Norman Lake
- Age 19, taken from 1952 Helsinki Olympic team photograph

Personal information
- Full name: Norman Ezra Lake
- Nationality: USA
- Born: December 8, 1932 Inglewood, California, U.S.
- Died: 2012 (aged 79–80)

Sport
- Sport: Water polo
- College team: El Camino College
- Club: El Segundo Swim Club
- Coached by: Urho Saari (El Segundo, El Camino)

Medal record
Representing United States
Pan American Games
| Bronze medal – third place | 1951 Buenos Aires | Men's tournament |

= Norman Lake =

American water polo player (1932–2012)

Norman Ezra Lake (December 8, 1932 – 2012) was an American water polo player who competed in the 1952 Summer Olympics in Helsinki, Finland.

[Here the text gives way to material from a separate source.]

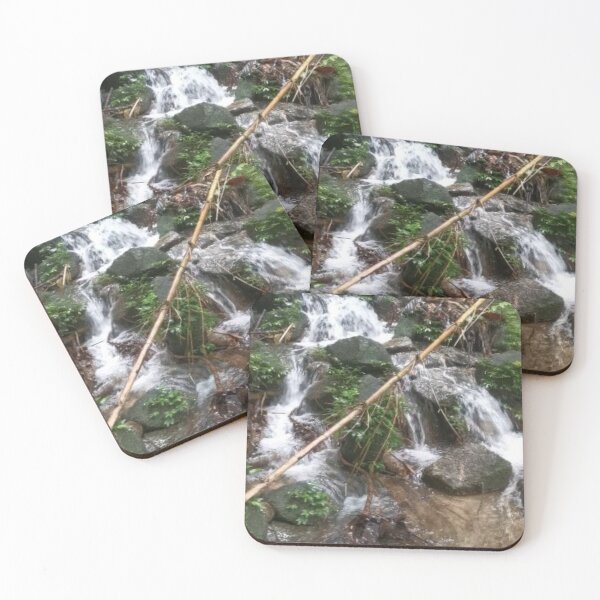 Item preview, jungle waterfall designed and sold by OMdesigns93.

Lake was born December 8, 1932 in Inglewood, California to father Ezra Lyman Lake and mother Elva Johnson. He attended El Segundo High School where he competed on their swimming and water polo teams under Coach Urho Saari.

== El Camino College ==
He later attended El Camino College where he continued to be coached by USA Water Polo Hall of Fame Coach Saari. Lake received a Varsity Letter in water polo from El Camino college in 1953. A strong regional team, in May 1952, El Camino College placed a close second to Fullerton College in the California State Junior College Swimming Championships.

== 1952 Olympic trials in New York ==
Playing with the El Segundo team under Urho Saari, at the 1952 Olympic trials at New York's Astoria Pool, in early July, 1952, Lake's El Segundo team defeated the "B Team" of the New York Athletic Club 15-2, then defeated the Fullerton-Whittier Team 6-5, and on July 3 defeated the strong New York Athletic Club's A-team 5-2, qualifying them to represent the U.S. at the 1952 Helsinki Olympics. Strong scorers for Lake's El Segundo team included Robert Hughes and Norman Dornblaser. Dornblaser scored a goal with only twenty seconds remaining in regulation play to break a 5-5 tie during the game with strong team Fullerton-Whittier to win 6-5.

==1952 Helsinki Olympics==
Lake was a member of the American water polo team which finished fourth in the 1952 Helsinki Olympic tournament. He played two matches. The team that year was composed almost entirely of current or former members of the El Segundo High School team, and trained for the Olympics at the El Segundo Swim Club under Olympic coach Urho Saari. Exceeding expectations in a strong field, the U.S. won nearly all their games in the preliminary rounds, and though they lost to Italy, they advanced to the semi-finals. The loss to Italy in the early rounds was disappointing, and many US members believed the officiating strongly favored Italy. In in the final water polo rounds in early August, 1952, the US team lost to Yugoslavia 4-2, and were shut out by Hungary 4-0, settling for a fourth place finish. The strongly favored team Hungary took the gold, Yugoslavia took the silver, and Italy took the bronze medal.

In international competition, Lake earned a team bronze medal in water polo at the Pan American Games in Buenos Aires, Argentina in 1951.

At the age of 57, having retired to Elmwood Street in Dallas, Texas, Lake married Lynn Adele Cillo, 47, a secretary, in July 1990.

He died in 2012 around the age of 79.